Pictures with short captions:
● ● ●
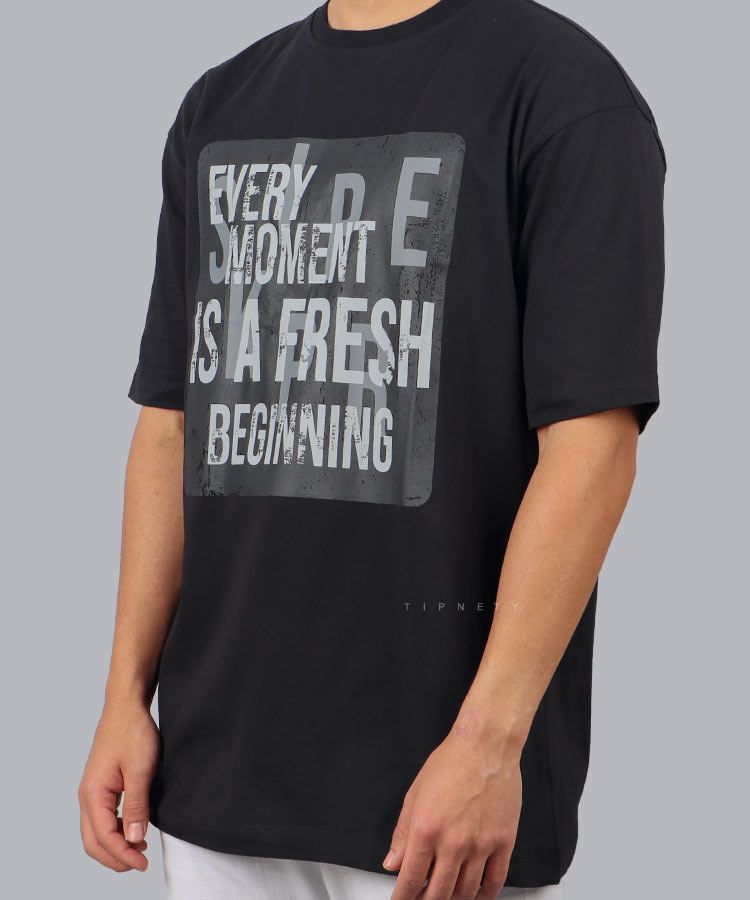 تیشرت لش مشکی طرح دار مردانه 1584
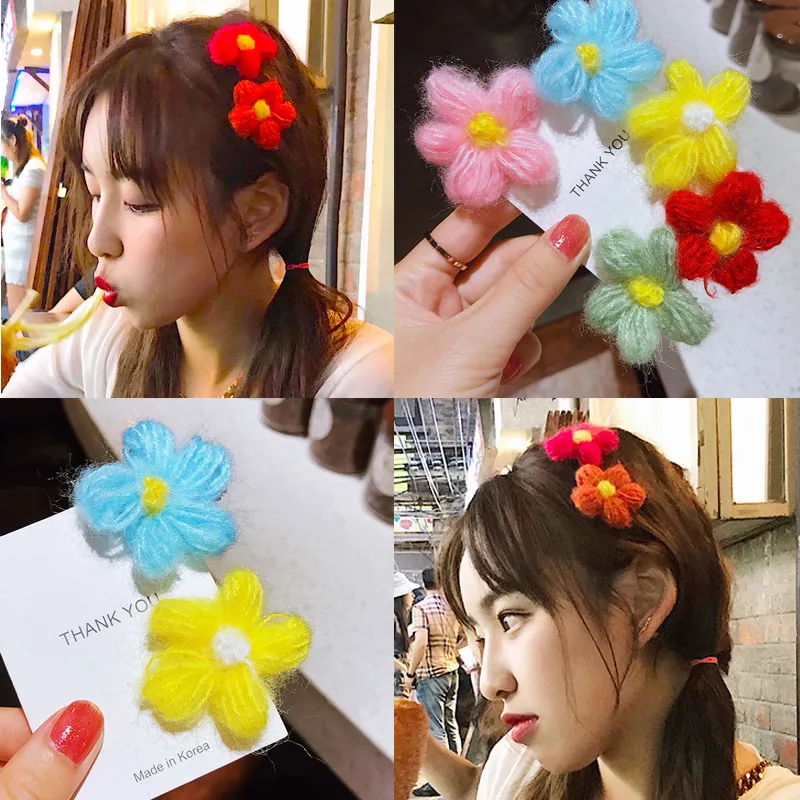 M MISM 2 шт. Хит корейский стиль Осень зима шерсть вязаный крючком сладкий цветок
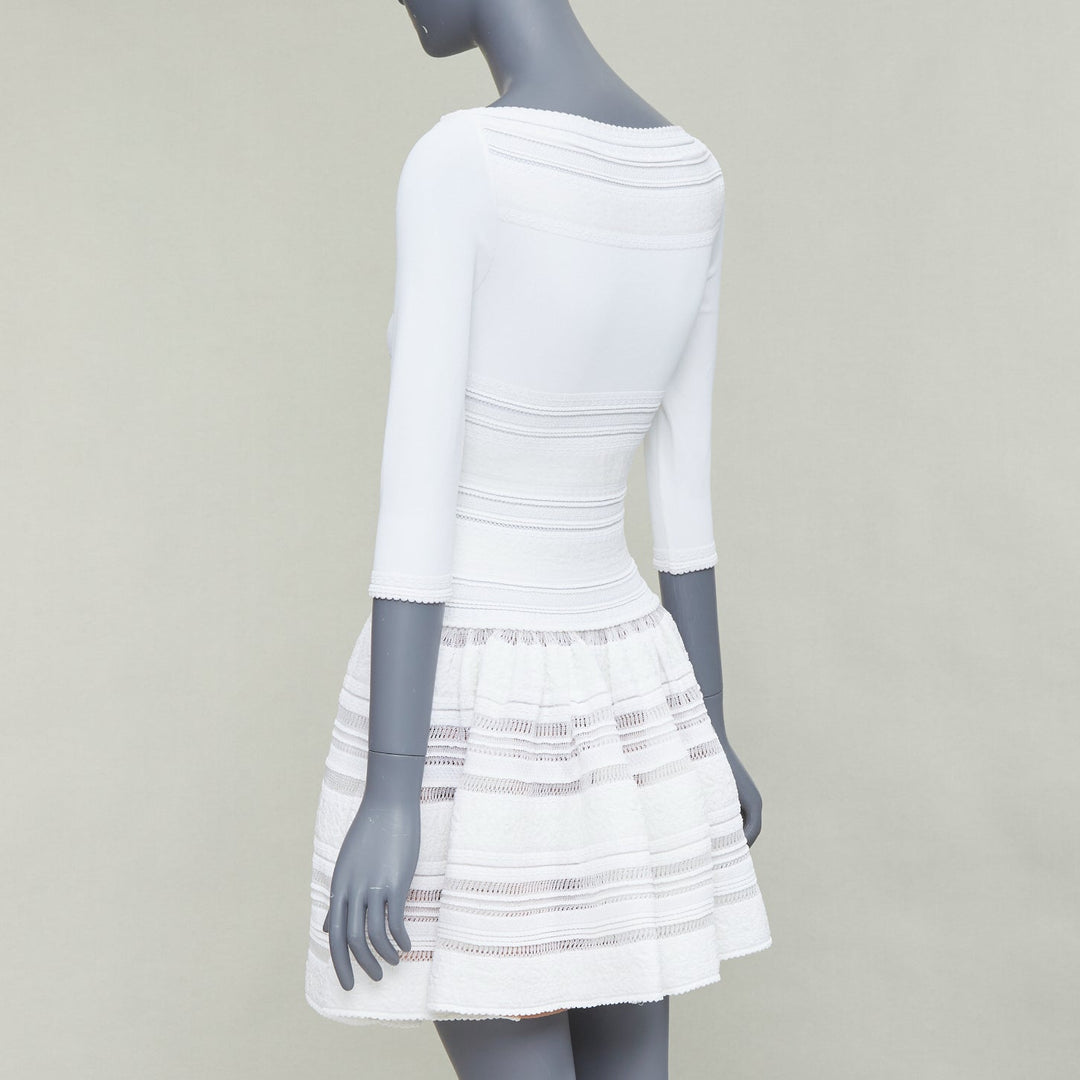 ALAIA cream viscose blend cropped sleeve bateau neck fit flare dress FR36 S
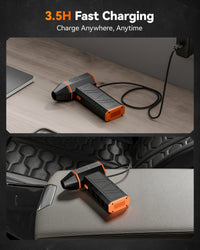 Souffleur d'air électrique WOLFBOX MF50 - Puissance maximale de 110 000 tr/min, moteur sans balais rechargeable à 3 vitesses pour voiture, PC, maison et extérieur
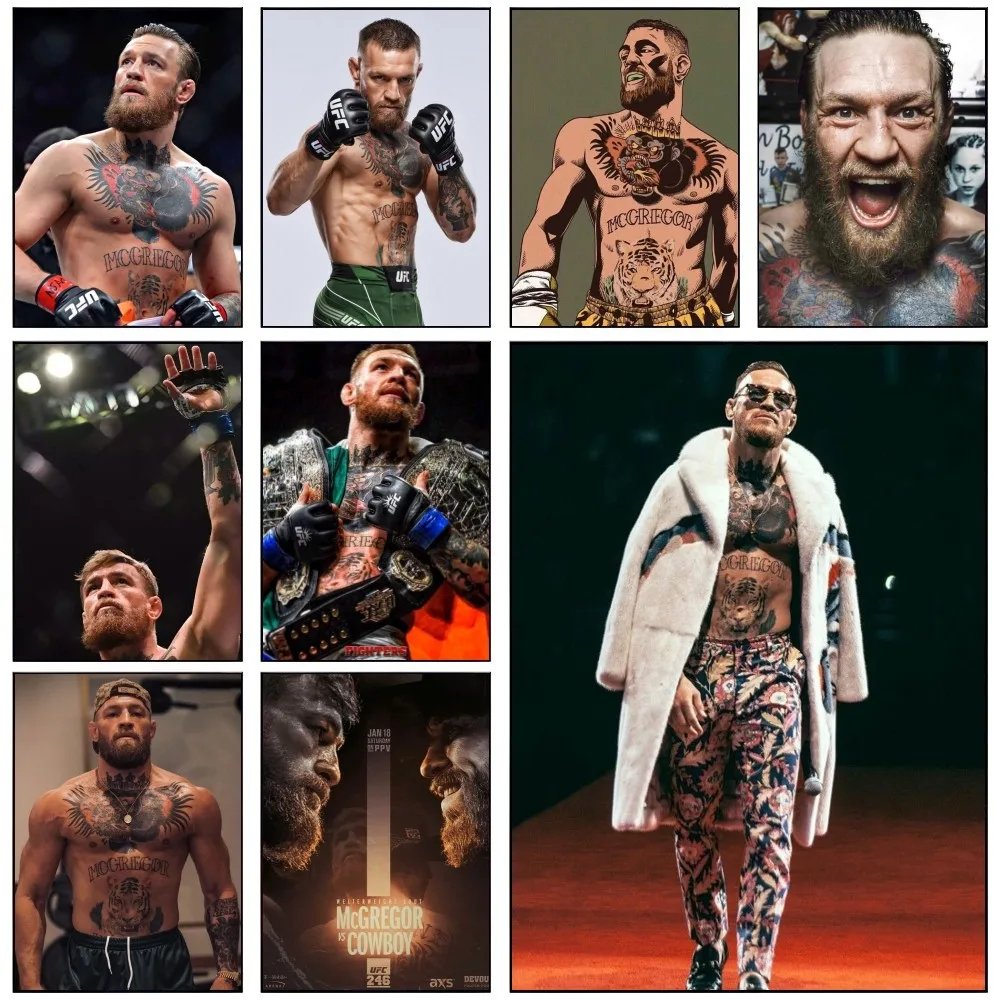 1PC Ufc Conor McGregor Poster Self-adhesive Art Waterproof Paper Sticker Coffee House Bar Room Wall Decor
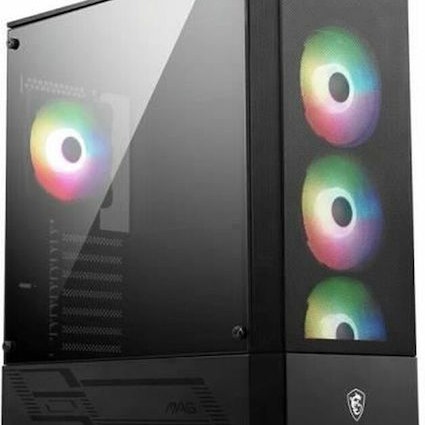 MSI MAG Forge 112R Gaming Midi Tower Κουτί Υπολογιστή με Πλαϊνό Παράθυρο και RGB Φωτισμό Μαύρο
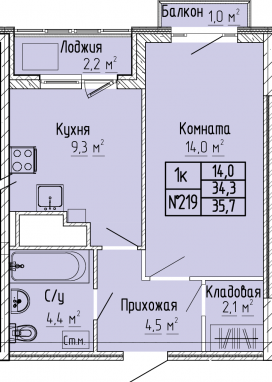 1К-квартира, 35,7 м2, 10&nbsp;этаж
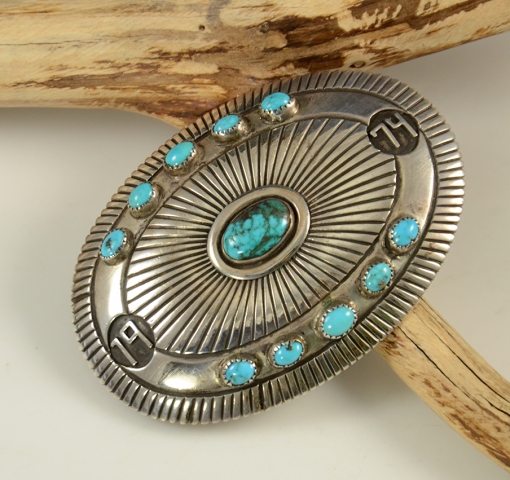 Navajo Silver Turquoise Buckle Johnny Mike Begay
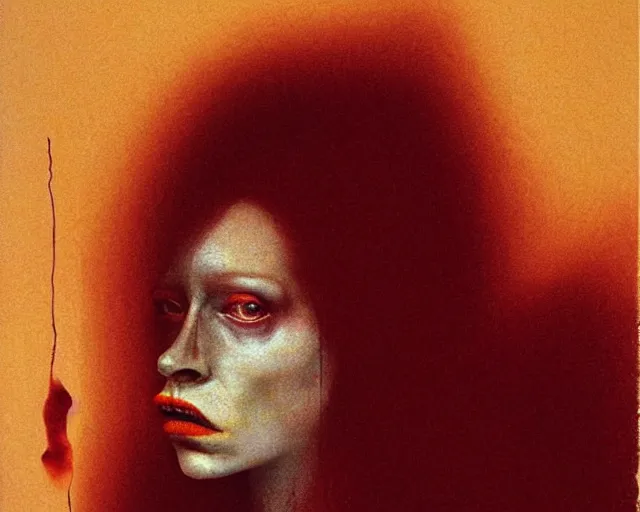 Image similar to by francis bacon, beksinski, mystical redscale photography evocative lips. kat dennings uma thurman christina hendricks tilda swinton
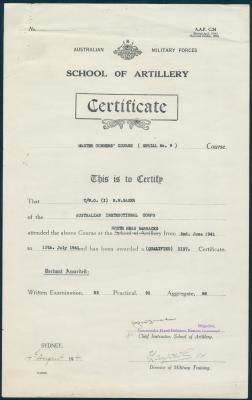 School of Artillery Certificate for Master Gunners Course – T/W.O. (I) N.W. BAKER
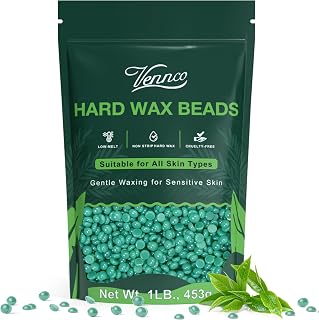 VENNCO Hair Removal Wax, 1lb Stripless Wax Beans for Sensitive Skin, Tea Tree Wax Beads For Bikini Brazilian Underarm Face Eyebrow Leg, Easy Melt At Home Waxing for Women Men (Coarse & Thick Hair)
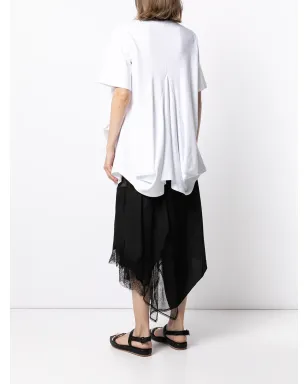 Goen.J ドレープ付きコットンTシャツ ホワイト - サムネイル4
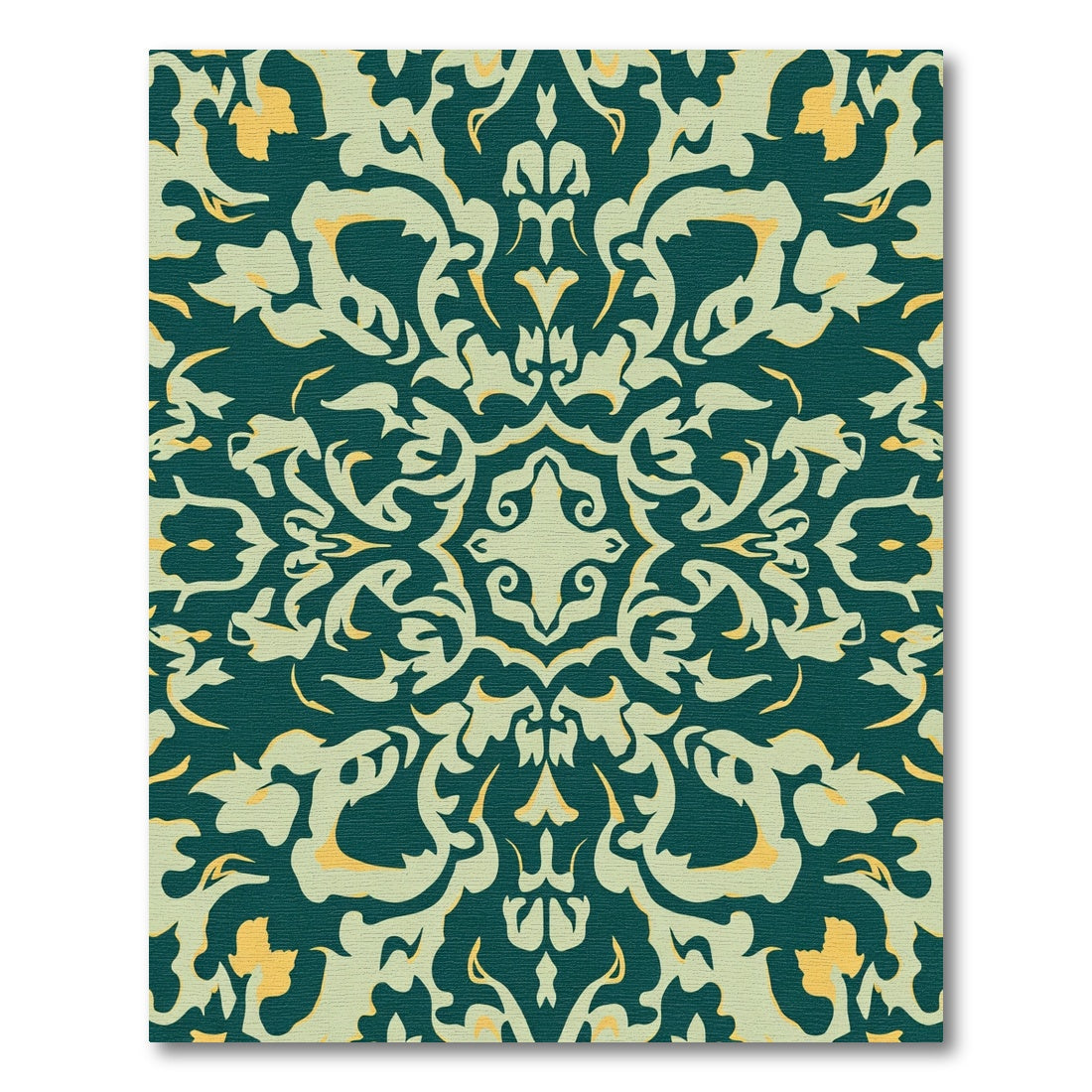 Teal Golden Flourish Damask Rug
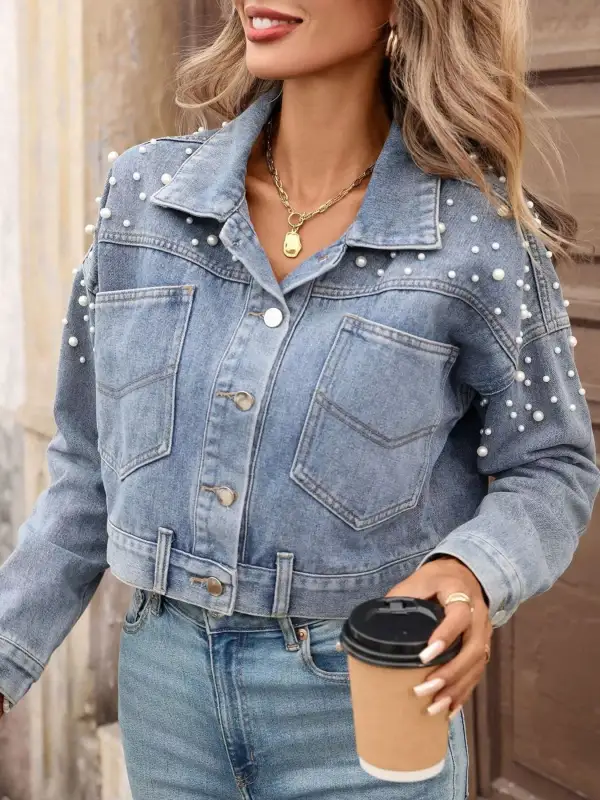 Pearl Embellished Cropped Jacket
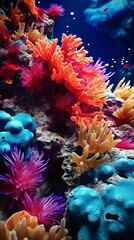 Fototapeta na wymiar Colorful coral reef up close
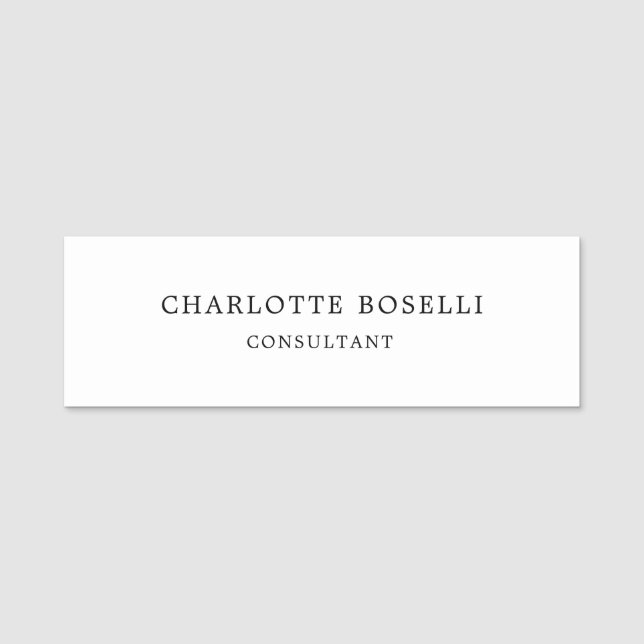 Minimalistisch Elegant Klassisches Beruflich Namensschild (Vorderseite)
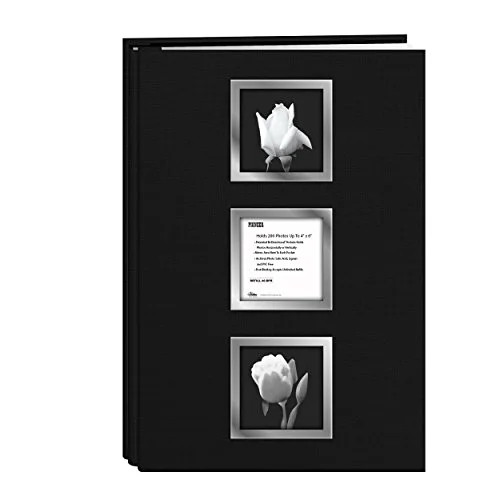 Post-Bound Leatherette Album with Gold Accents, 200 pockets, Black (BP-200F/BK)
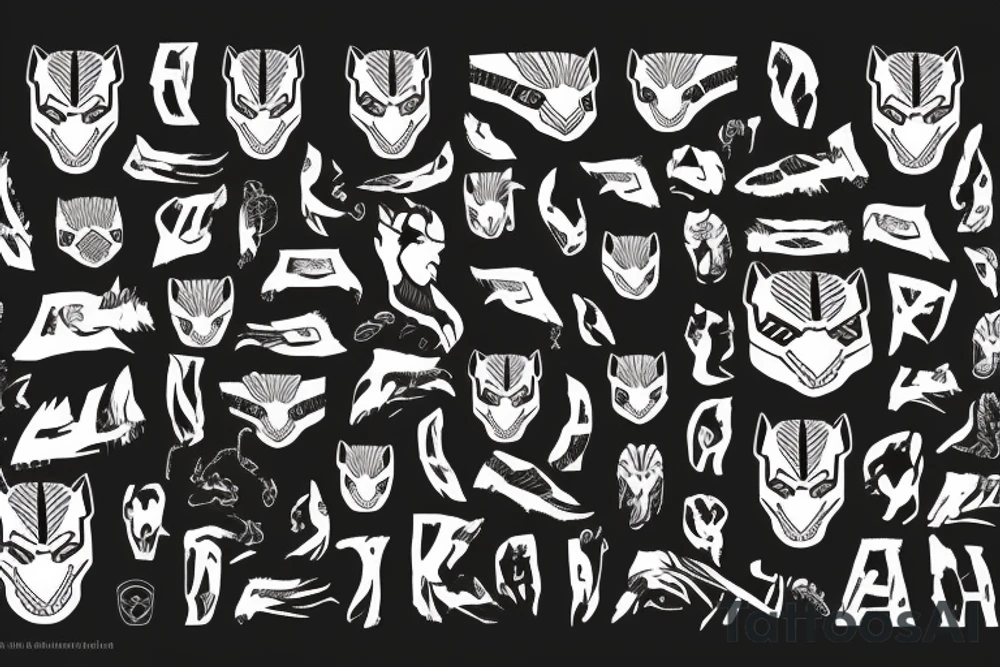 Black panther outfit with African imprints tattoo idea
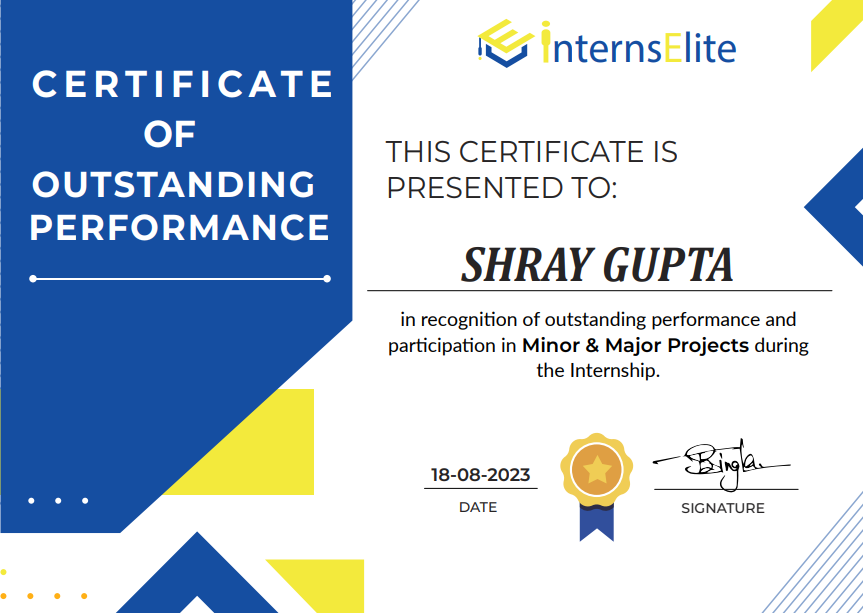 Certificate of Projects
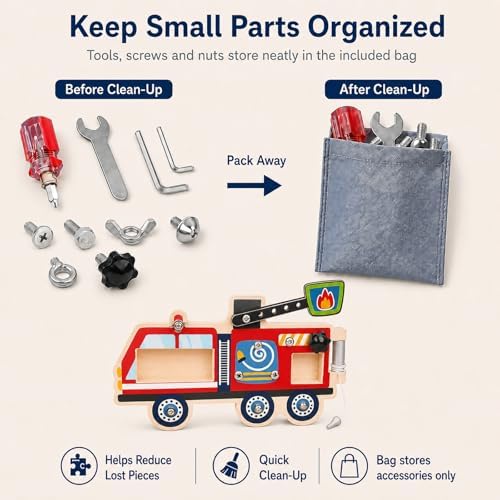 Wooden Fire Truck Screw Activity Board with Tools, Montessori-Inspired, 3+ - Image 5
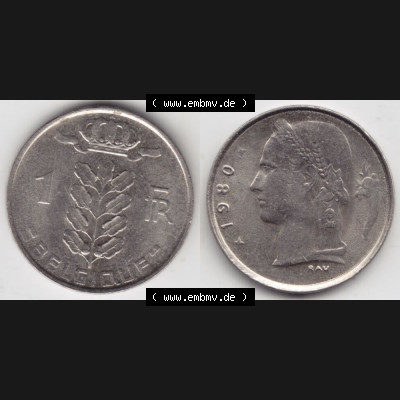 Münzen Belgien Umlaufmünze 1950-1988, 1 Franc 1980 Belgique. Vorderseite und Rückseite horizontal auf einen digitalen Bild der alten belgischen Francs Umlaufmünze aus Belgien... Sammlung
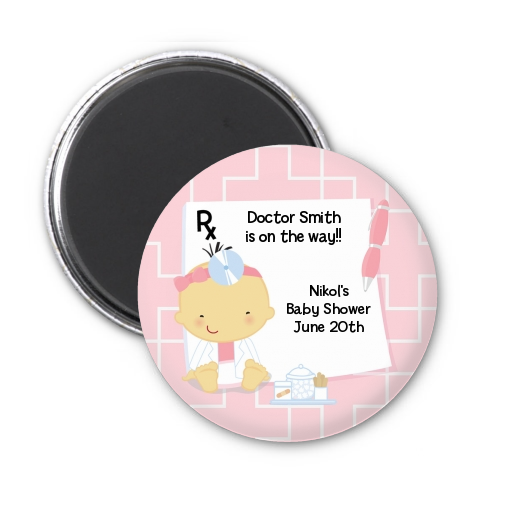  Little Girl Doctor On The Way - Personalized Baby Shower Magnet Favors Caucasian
● ● ●
* _WHAT IS EXPECTED_
Restate each line of the records exactly; pictures do not belong in the copy.

* _SOLUTION TO THE EXERCISE_
 تیشرت لش مشکی طرح دار مردانه 1584
 M MISM 2 шт. Хит корейский стиль Осень зима шерсть вязаный крючком сладкий цветок
 ALAIA cream viscose blend cropped sleeve bateau neck fit flare dress FR36 S
 Souffleur d'air électrique WOLFBOX MF50 - Puissance maximale de 110 000 tr/min, moteur sans balais rechargeable à 3 vitesses pour voiture, PC, maison et extérieur
 1PC Ufc Conor McGregor Poster Self-adhesive Art Waterproof Paper Sticker Coffee House Bar Room Wall Decor
 MSI MAG Forge 112R Gaming Midi Tower Κουτί Υπολογιστή με Πλαϊνό Παράθυρο και RGB Φωτισμό Μαύρο
 1К-квартира, 35,7 м2, 10&nbsp;этаж
 Navajo Silver Turquoise Buckle Johnny Mike Begay
 Image similar to by francis bacon, beksinski, mystical redscale photography evocative lips. kat dennings uma thurman christina hendricks tilda swinton
 School of Artillery Certificate for Master Gunners Course – T/W.O. (I) N.W. BAKER
 VENNCO Hair Removal Wax, 1lb Stripless Wax Beans for Sensitive Skin, Tea Tree Wax Beads For Bikini Brazilian Underarm Face Eyebrow Leg, Easy Melt At Home Waxing for Women Men (Coarse & Thick Hair)
 Goen.J ドレープ付きコットンTシャツ ホワイト - サムネイル4
 Teal Golden Flourish Damask Rug
 Pearl Embellished Cropped Jacket
 Fototapeta na wymiar Colorful coral reef up close
 Minimalistisch Elegant Klassisches Beruflich Namensschild (Vorderseite)
 Post-Bound Leatherette Album with Gold Accents, 200 pockets, Black (BP-200F/BK)
 Black panther outfit with African imprints tattoo idea
 Certificate of Projects
 Wooden Fire Truck Screw Activity Board with Tools, Montessori-Inspired, 3+ - Image 5
 Münzen Belgien Umlaufmünze 1950-1988, 1 Franc 1980 Belgique. Vorderseite und Rückseite horizontal auf einen digitalen Bild der alten belgischen Francs Umlaufmünze aus Belgien... Sammlung
  Little Girl Doctor On The Way - Personalized Baby Shower Magnet Favors Caucasian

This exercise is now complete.